U.S. households are more prepared for a potential recession, with recent data showing people have been saving more of their take-home pay over the past several years.
According to a report in the Wall Street Journal citing revised data from the Bureau of Economic Analysis, in the first quarter, the agency more than doubled the personal savings rate estimate to 7.2 percent from 3.3 percent. The new estimate surpasses the 6.5 percent average rate since 1990 and is nearly three times more than the low of 2.5 percent seen back in 2005. In the first three months of 2018, the Wall Street Journal reported $613.5 billion in additional savings was amassed. The revision in the data isn’t rare, but the change is the largest since 2002, noted the paper. The report noted that the recession of 2007 through 2009 likely spooked consumers and left them more convinced they need to save money. According to the report, the savings rate hasn’t declined since 2013, despite unemployment falling by close to half and home and stock prices rising by a lot. That contradicts the wealth effect theory, in which people spend more and save less when their wealth increases. J.P. Morgan Chief U.S. Economist Michael Feroli said that if the wealth effect theory had played out since the recession, the savings rate would be close to around 2 percent. “There’s a little more frugality,” Feroli told the Wall Street Journal. “Maybe people are a little more cautious, a little more aware that there can be rainy days.”

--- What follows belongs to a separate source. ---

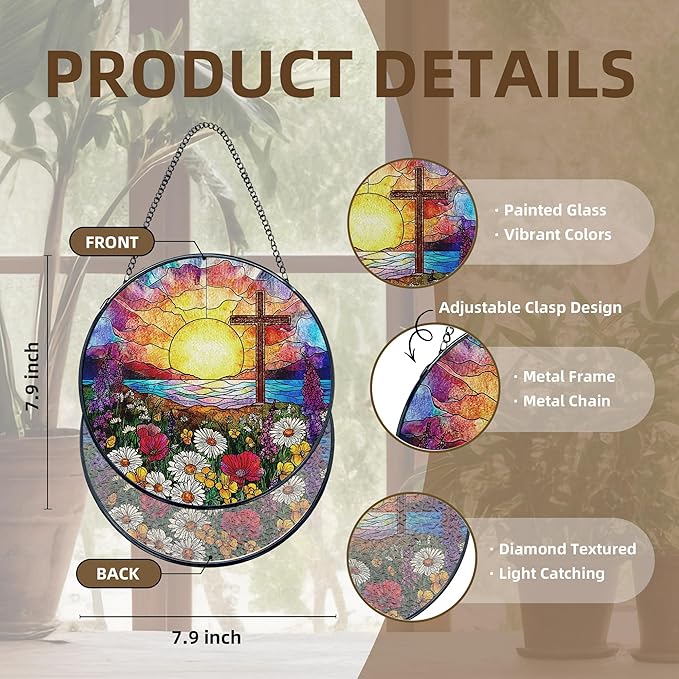 Cross Flower Stained Glass Window Hanging, Cross Suncatchers, Wildflower Christian Easter Sun Catchers Indoor Window Round Glass Wall Art Hanging Decorations, 7.9x7.9in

With the savings rate for the first quarter revised, some economists think there will be more of a gradual slowdown in spending. The paper pointed to Goldman Sachs, which thinks spending will rise 2.4 percent per year through the middle part of 2019, up from its previous forecast. Still, the report noted the revised data doesn’t lay out if lower and middle-income households are better off than previously thought. After all, they are the ones that spend most of their incomes. Not to mention that a lot of the new income that prompted the revision comes from interest, dividends, and profits from businesses instead of wages.